GIVEN ENTRIES below:

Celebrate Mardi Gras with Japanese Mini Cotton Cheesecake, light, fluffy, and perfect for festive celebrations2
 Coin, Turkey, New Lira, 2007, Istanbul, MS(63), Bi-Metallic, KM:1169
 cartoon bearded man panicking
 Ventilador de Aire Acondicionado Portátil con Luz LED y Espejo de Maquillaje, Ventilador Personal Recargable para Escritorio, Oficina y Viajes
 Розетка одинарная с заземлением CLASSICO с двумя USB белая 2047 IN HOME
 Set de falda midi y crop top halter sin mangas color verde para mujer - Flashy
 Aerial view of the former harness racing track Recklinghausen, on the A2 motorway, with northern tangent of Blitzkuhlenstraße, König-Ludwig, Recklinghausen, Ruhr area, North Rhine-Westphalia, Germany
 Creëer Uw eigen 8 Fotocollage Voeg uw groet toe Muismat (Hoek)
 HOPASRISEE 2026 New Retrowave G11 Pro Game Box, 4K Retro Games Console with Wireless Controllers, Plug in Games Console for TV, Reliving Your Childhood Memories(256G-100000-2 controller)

End of GIVEN ENTRIES.

Copy out the lines above exactly, beginning at the one that contains "Set de falda" and ending at the one that contains "Aerial view of".

 Set de falda midi y crop top halter sin mangas color verde para mujer - Flashy
 Aerial view of the former harness racing track Recklinghausen, on the A2 motorway, with northern tangent of Blitzkuhlenstraße, König-Ludwig, Recklinghausen, Ruhr area, North Rhine-Westphalia, Germany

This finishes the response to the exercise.